Table 1. Risk Factors Associated With Hepatoblastoma and Hepatocellular Carcinoma continued...
In the absence of APC germline mutations, childhood hepatoblastomas do not have somatic mutations in the APC gene; however, they frequently have mutations in the beta-catenin gene, the function of which is closely related to APC.
Hepatitis B and hepatitis C infection
Hepatocellular carcinoma is associated with hepatitis B and hepatitis C infection in adults,[23,24,25] while in children there is an association with perinatally acquired hepatitis B virus. Widespread hepatitis B immunization has decreased the incidence of hepatocellular carcinoma in Asia. Compared with adults, the incubation period from hepatitis virus infection to the genesis of hepatocellular carcinoma is extremely short in a small subset of children with perinatally acquired virus. Mutations in the met/hepatocyte growth factor receptor gene occur in childhood hepatocellular carcinoma, and this could be one mechanism that results in a shortened incubation period. Hepatitis C infection is associated with development of cirrhosis and hepatocellular carcinoma that takes decades to develop and is generally not seen in children.
Several specific types of nonviral liver injury and cirrhosis are associated with hepatocellular carcinoma in children, including tyrosinemia and biliary cirrhosis. Tyrosinemia patients should be screened for hepatocellular carcinoma on a regular basis, whether or not they are treated with 2-(2 nitro-4-3 trifluoro-methylbenzoyl)-1, 3-cyclohexanedione. Hepatocellular carcinoma may also arise in very young children with mutations in the bile salt export pump ABCB11, which causes progressive familial hepatic cholestasis.

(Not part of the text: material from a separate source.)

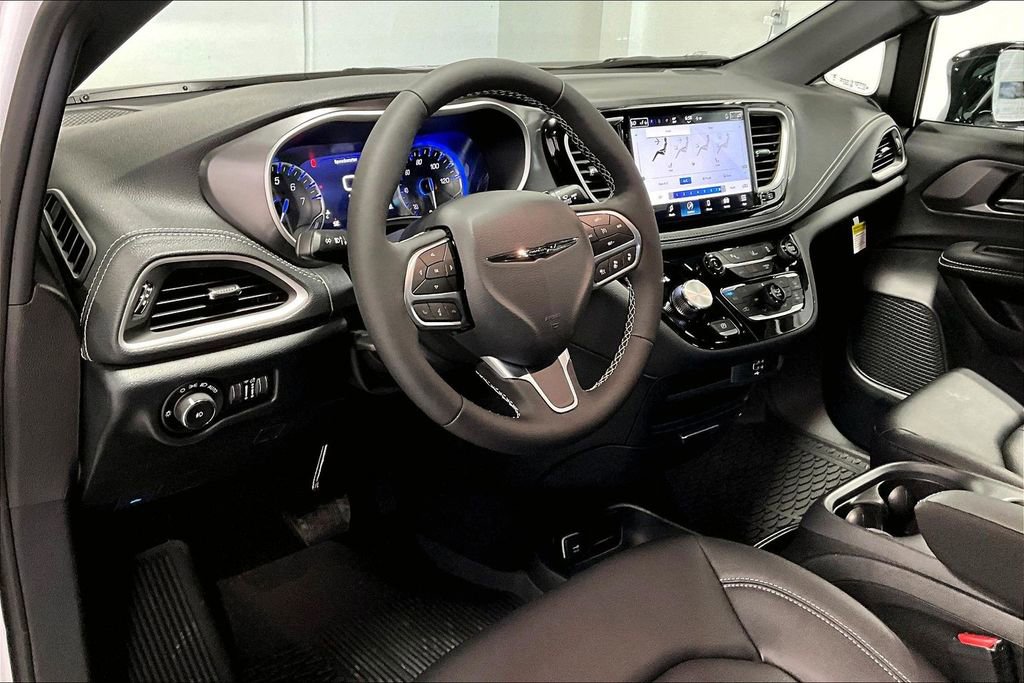 New 2026 Chrysler Pacifica Select image 20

Despite these findings, cirrhosis in children, compared with cirrhosis in adults, is much less commonly involved in the development of hepatocellular carcinoma, and is found in only 20% to 35% of livers bearing childhood hepatocellular carcinoma tumors.

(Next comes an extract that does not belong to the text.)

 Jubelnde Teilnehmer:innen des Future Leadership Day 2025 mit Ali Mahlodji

A biopsy of the tumor is always indicated to secure the diagnosis of a liver tumor except:
- In infants with hepatic hemangiomas or hemangioendotheliomas that can be diagnosed by imaging.

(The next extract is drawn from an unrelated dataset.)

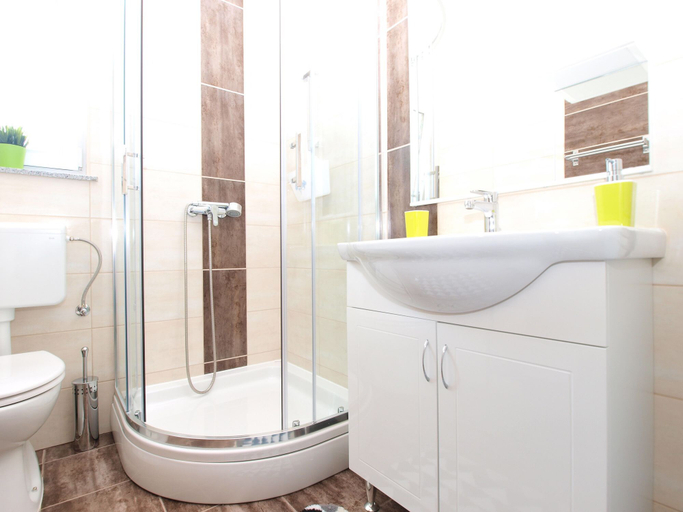 Bathroom 3, Apartment 1403, Vodnjan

- In infantile hepatic choriocarcinoma, which can be diagnosed by imaging and markedly elevated beta-human chorionic gonadotropin (beta-hCG).
The AFP and beta-hCG tumor markers are very helpful in diagnosis and management of liver tumors. Although AFP is elevated in most children with hepatic malignancy, it is not pathognomonic for a malignant liver tumor. The AFP level can be elevated due to a benign tumor, as well as a malignant solid tumor. AFP is very high in neonates and steadily falls after birth. The half-life of AFP is 5 to 7 days, and by age 1 year, it should be less than 10 ng/ml.